Which does not sound quite right for me. FP should be omitted
only if function contains less than half dozen stack references,
otherwise not. It does not matter whether it is a leaf function or not.
OTOH, AFAIK frame pointers make debugging easier, development kernels
are better to be compiled with fp in every func.
--
vda
On 25 November 2002 06:52, Willy Tarreau wrote:
> > Anyway it makes me wonder, whether kernelcompilation shouldn't be
> > configurable between a "optimize for (compressed image) size" and a
> > "optimize for speed" option... I'd go for speed... (and always
> > omitting frame-pointers doesn't seem to as fast as omitting them
> > only in leaf functions).
>
> hehe :-)
> I've put this in my kernels for about 2 years now. You can also
> reduce the image size with -malign-jumps=0
> -mpreferred-stack-boundary=2 and -mcpu=i386.
Hehe indeed ;)
--
vda
>>since "-momit-leaf-frame-pointer" makes a trade-off between both
>>other options: it omits framepointers for leaf functions (callees
>>that aren't callers as well) and it doesn't for branch-functions.
>
>
> Which does not sound quite right for me. FP should be omitted
> only if function contains less than half dozen stack references,
> otherwise not. It does not matter whether it is a leaf function or not.
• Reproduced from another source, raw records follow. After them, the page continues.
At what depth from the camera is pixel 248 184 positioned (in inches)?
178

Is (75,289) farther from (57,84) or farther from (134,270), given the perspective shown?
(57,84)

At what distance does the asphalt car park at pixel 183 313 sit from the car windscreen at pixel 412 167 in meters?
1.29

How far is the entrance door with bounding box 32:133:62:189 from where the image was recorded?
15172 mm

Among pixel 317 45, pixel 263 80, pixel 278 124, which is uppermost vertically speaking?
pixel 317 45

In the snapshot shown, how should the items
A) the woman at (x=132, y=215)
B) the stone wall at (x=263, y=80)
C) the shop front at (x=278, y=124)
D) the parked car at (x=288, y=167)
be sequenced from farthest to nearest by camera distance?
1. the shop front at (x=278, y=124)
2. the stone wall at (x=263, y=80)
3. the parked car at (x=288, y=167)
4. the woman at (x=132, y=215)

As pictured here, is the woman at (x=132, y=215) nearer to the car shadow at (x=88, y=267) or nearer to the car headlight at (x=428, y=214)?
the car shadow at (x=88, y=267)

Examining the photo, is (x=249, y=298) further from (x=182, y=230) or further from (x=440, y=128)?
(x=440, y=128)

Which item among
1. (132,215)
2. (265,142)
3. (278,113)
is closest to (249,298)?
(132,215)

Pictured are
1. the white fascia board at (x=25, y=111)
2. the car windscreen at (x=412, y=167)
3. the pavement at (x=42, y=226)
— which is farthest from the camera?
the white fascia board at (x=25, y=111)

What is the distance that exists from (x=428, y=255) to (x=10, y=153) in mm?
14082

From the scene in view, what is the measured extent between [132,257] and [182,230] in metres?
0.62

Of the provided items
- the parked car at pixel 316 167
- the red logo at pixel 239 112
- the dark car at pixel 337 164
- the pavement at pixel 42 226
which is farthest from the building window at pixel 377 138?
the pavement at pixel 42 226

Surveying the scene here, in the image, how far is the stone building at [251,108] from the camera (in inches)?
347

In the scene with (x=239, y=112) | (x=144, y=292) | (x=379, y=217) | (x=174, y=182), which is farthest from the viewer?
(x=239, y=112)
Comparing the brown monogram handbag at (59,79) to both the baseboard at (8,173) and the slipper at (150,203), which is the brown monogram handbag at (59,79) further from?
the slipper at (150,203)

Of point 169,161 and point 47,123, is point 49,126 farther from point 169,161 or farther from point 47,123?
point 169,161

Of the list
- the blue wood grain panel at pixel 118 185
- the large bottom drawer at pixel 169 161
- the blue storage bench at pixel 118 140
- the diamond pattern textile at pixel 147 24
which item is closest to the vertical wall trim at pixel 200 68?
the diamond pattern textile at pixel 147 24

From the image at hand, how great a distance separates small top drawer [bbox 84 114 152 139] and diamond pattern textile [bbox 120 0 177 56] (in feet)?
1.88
Leaf functions generally do not contain more than half dozen
stackreferences, and are generally called more or equally often as there
callers. The slight overhead of leaf functions that do contain a dozen
stackreferences is much smaller than the overhead of omitting
framepointers in /all/ branch functions including those with dozens of
stackreferences. Maybe gcc's optimizer could be adapted in the (near)
future to compare either speed or sizes of possibly generated code, with
and without framepointer, if the compile is not a debug one.
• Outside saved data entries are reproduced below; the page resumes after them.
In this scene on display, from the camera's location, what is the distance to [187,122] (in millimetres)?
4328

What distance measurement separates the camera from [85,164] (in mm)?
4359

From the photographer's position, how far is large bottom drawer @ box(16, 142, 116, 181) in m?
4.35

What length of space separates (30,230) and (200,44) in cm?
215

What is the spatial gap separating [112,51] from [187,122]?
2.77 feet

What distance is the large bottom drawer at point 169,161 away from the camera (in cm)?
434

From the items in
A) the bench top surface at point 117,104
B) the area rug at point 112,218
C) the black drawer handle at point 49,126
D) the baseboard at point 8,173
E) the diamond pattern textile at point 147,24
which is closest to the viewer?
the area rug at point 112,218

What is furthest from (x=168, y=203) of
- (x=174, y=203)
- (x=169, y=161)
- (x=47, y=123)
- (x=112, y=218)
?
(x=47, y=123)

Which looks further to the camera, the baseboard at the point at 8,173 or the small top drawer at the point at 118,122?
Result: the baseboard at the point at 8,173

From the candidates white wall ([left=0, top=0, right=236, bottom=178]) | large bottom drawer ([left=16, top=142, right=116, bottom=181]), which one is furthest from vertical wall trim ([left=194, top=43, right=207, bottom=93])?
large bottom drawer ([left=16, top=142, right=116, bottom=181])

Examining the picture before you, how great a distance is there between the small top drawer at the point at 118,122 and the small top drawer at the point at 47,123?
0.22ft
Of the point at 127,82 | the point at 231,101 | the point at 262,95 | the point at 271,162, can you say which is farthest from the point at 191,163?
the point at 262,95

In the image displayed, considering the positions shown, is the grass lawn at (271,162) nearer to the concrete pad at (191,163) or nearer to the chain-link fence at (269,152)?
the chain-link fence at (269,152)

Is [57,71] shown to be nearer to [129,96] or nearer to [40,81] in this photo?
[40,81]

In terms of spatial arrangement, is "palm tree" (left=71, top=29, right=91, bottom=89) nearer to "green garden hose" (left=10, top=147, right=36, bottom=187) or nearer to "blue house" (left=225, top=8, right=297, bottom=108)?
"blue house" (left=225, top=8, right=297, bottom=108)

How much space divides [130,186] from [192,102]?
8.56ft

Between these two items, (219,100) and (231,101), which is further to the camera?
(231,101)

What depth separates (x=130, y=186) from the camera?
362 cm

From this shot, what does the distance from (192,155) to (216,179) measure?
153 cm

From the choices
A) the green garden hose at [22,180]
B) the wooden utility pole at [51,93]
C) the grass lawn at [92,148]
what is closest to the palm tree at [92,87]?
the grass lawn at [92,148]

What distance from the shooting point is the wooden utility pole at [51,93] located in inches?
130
But in the mean time, in most "userland" projects I've tested with, the
-momit-leaf-frame-pointer resulted in almost te same codesize as
compiles with framepointer, along with more or less the same speed as
"-fomit-frame-pointer". I wouldn't know how to benchmark kernel-configs
though, and I haven't seen anyone doing this with the framepointer
options yet...
> OTOH, AFAIK frame pointers make debugging easier, development kernels
> are better to be compiled with fp in every func.
Honestly, I think that's a shortcoming of the debugger if that's true.
The debugger could store the stackpointer position after a call or
calculate it based on sub/add/push/pop's, instead of borrowing it from
ebp. I'm just concerned about the extra costs (in speed and size) of
always omiting the framepointer.
(It shouldn't be impossible to debug regparm- and stdcall-functions as
well, I wonder why this could be a problem at the moment. But just
"omitting framepointers" at least doesn't mix up the (IMHO: somewhat
thoughtlessly defined) i386 32-bit C-callingconvention.)